*WHAT THE TASK ASKS*:
The answer must be every line from the entries below that contains "pour".

*SOURCE RECORDS*:

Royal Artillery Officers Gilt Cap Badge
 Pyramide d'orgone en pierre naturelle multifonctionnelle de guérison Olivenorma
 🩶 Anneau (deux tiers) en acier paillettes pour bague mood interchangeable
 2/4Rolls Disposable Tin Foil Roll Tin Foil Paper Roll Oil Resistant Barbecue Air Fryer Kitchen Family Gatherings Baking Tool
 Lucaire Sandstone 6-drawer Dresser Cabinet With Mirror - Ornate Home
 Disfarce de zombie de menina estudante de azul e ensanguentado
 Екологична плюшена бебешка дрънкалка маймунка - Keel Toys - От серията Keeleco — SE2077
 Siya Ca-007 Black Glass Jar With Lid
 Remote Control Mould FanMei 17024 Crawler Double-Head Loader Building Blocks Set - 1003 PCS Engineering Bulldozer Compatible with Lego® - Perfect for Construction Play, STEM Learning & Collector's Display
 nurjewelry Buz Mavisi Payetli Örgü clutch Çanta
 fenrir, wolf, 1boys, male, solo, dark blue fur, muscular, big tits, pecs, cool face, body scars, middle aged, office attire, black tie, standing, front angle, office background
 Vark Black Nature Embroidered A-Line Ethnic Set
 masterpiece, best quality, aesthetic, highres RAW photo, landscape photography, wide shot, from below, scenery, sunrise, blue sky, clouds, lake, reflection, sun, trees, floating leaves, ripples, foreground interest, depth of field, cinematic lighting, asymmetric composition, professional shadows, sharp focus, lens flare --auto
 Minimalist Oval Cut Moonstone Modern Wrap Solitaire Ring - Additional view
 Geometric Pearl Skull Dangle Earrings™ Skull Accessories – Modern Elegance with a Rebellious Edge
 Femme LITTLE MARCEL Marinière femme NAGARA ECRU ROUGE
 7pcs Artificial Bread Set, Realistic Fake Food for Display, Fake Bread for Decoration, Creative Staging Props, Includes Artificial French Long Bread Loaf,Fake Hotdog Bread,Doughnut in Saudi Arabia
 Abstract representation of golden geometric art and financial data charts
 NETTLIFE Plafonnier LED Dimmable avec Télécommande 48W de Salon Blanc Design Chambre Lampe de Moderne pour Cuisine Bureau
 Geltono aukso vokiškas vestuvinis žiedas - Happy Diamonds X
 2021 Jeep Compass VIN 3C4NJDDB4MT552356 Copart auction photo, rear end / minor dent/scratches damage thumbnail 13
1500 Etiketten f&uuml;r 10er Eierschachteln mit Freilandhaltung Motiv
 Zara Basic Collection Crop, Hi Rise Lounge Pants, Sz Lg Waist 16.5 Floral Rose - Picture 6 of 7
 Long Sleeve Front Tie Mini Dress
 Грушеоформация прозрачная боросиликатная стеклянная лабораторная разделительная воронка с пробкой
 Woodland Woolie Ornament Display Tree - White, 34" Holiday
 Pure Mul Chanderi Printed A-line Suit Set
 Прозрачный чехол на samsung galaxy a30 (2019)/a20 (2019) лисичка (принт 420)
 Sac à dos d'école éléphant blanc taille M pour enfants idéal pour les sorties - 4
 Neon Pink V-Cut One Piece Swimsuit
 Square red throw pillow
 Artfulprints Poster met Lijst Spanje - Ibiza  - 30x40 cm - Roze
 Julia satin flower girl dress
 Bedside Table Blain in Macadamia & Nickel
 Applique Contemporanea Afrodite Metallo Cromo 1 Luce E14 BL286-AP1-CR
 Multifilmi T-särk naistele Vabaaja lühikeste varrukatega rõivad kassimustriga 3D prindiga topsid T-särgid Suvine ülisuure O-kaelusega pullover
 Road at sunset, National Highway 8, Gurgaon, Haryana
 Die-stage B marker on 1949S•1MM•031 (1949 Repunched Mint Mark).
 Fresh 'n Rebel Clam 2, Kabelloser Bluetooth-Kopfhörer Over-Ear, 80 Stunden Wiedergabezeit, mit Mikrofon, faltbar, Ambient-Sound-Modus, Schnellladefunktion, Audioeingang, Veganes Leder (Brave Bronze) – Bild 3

*EXERCISE RESPONSE*:
 🩶 Anneau (deux tiers) en acier paillettes pour bague mood interchangeable
 NETTLIFE Plafonnier LED Dimmable avec Télécommande 48W de Salon Blanc Design Chambre Lampe de Moderne pour Cuisine Bureau
 Sac à dos d'école éléphant blanc taille M pour enfants idéal pour les sorties - 4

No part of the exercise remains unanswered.